Research Summary
This article investigates the conditions under which investors preferentially evaluate fast follower business model copycats (BMCs)—less novel, imitative ventures—over novel ventures. Employing a conjoint experiment, we find that venture investors prefer fast follower BMCs when the venture team has major capability advantages in exploitation (compared to exploration). Further, we find that investors' experience reduces their preference for fast follower BMCs when the team's capability advantage is in exploitation, and reduces their preference for novel ventures when the team is strong in exploration. These findings provide important theoretical and managerial implications.
Managerial Summary
Business model copycats represent a popular phenomenon in the global market.

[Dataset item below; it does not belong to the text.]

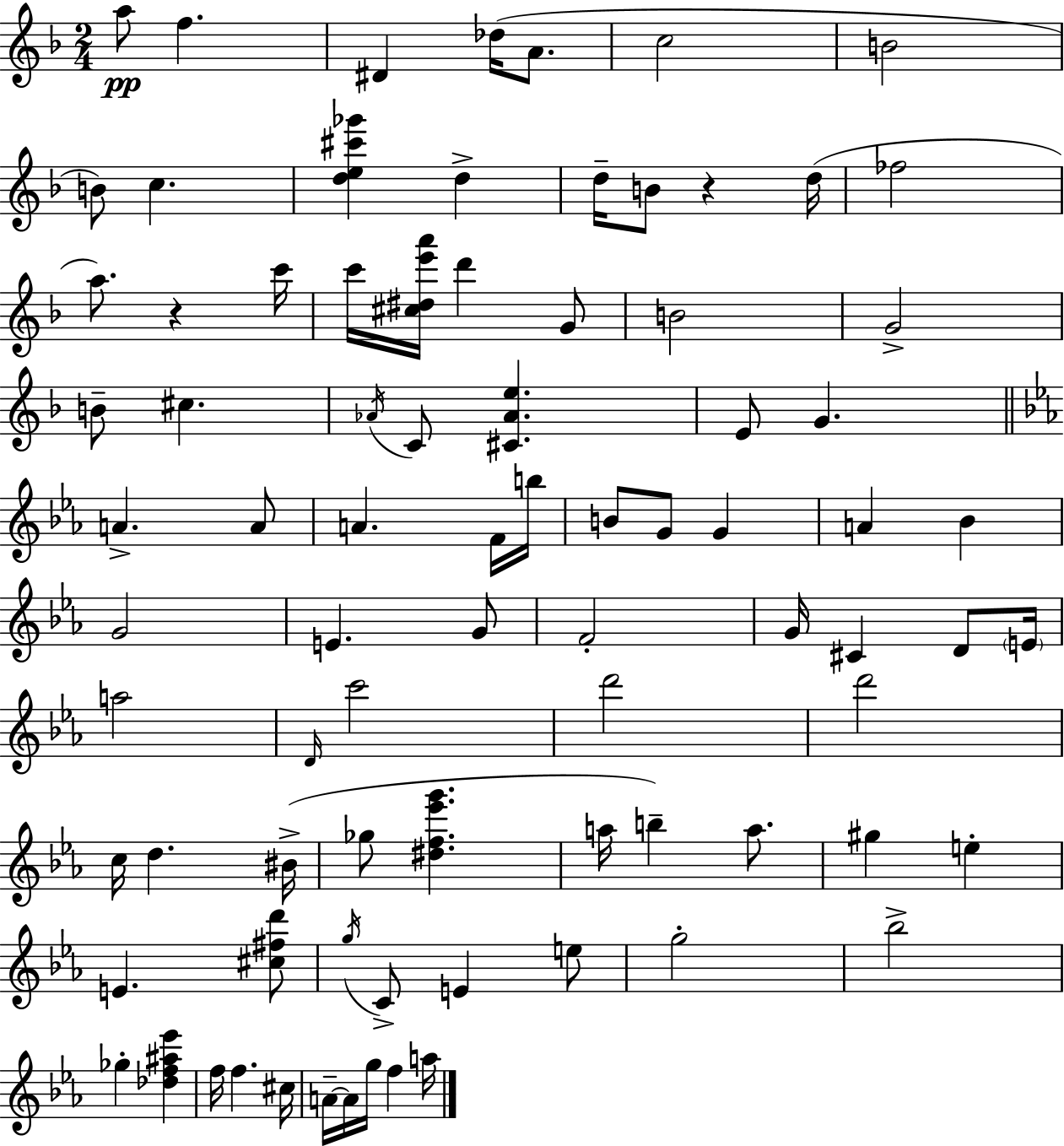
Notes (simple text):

A5/e F5/q. D#4/q Db5/s A4/e. C5/h B4/h B4/e C5/q. [D5,E5,C#6,Gb6]/q D5/q D5/s B4/e R/q D5/s FES5/h A5/e. R/q C6/s C6/s [C#5,D#5,E6,A6]/s D6/q G4/e B4/h G4/h B4/e C#5/q. Ab4/s C4/e [C#4,Ab4,E5]/q. E4/e G4/q. A4/q. A4/e A4/q. F4/s B5/s B4/e G4/e G4/q A4/q Bb4/q G4/h E4/q. G4/e F4/h G4/s C#4/q D4/e E4/s A5/h D4/s C6/h D6/h D6/h C5/s D5/q. BIS4/s Gb5/e [D#5,F5,Eb6,G6]/q. A5/s B5/q A5/e. G#5/q E5/q E4/q. [C#5,F#5,D6]/e G5/s C4/e E4/q E5/e G5/h Bb5/h Gb5/q [Db5,F5,A#5,Eb6]/q F5/s F5/q. C#5/s A4/s A4/s G5/s F5/q A5/s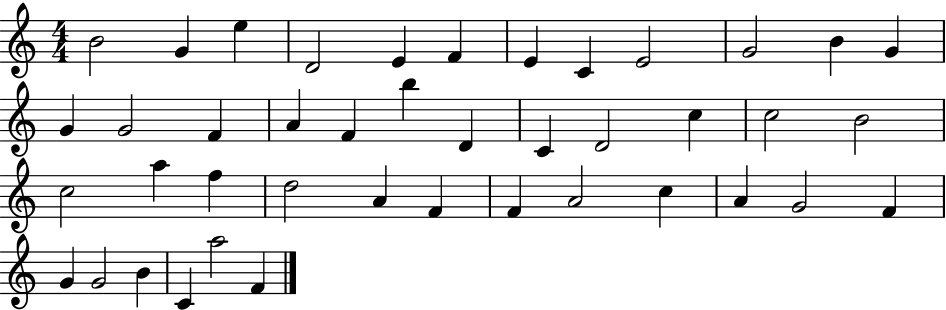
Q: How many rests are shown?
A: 0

Fast follower BMCs are especially influential as many of them received millions of dollars of investment, and achieved billions of dollars in evaluations, both resulting in worldwide recognition. But although fast follower BMCs have the potential to conquer any market, they are not always highly valued by investors when initiating their businesses. We investigate when this is the case and find that team exploration–exploitation capabilities influence investors' evaluation preference toward novel ventures and fast follower BMCs. If entrepreneurs are skilled in exploitation, creating a fast follower BMC venture might be a great pitch to secure investment. Yet, if entrepreneurs are mostly competitive in exploration, creating fast follower BMCs does not attract investment easily.